Cokie Roberts needs a reality check because she's got herself convinced that if the president would just sit down and talk nice to the terrorists in the House of Representatives all of this talk about shutdowns and defaults wouldn't happen. In Cokie's pretty little world, there would be this nice negotiation and then Congress would link hands and sing Kumbaya after they gave the Tea Party their full list of demands.
After all, what do elections matter if the side who has the hostage can shoot it without consequence, right?
The roundtable on This Week was a shameful exercise in Village delusion. We begin with Cokie's "both sides" nonsense:
I might say this whole business of, you know, we won't negotiate with a gun to your head, actually I would prefer to negotiate with a gun to my head rather than have somebody shoot me.
And I think that's where they could end up if they don't sit down and talk. And so both sides really do need to some, now, I've got to believe that there is (inaudible) nobody in a back room with something in a back pocket.
No one reminded Cokie that both branches of Congress passed budgets in March and April. No one reminded Cokie that the Senate has requested a conference NINETEEN times only to have Ted Cruz block appointment of conferees in the Senate and the House refusing to appoint them too. Nay, that must be too esoteric for the Villagers.
So the terrorists take an innocent hostage -- the ACA -- and put a gun not only to the President's head, but to 800,000 Federal employees, the Senate, and every citizen of this country. Anyone with half a brain should have figured out by now that this is EXTREME behavior. It is not normal, it is not a "both sides" moment. After all, I can't recall Nancy Pelosi holding Dubya by the short hairs along with the entire country by threatening default and shutting down the government to withhold funding for the Iraq war. Because that's not what responsible politicians do.
There are lines that should not be crossed, but Cokie feels sorry for the terrorists. She's sad that the President is pushing them to be embarrassed by their embarrassing and unpatriotic behavior, and she has an ally in Jon Karl.
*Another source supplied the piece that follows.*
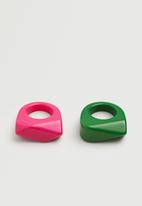 MANGO - 2 Pack resin rings - green & pink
KARL: So you need something. Look the Republicans at this point have gotten themselves into this dark alley, into this box canyon. They need a way out. They cannot unconditionally surrender. I mean the White House I think that the danger for the White House is they are so convinced that they have the upper hand. And they do right now, absolutely have the upper hand. But they will overplay that and force the Republicans to a self-destructive move.
ROBERTS: What is the point of that by the way? What is the point of that? What is the point of the White House pushing them so hard that they have cry uncle?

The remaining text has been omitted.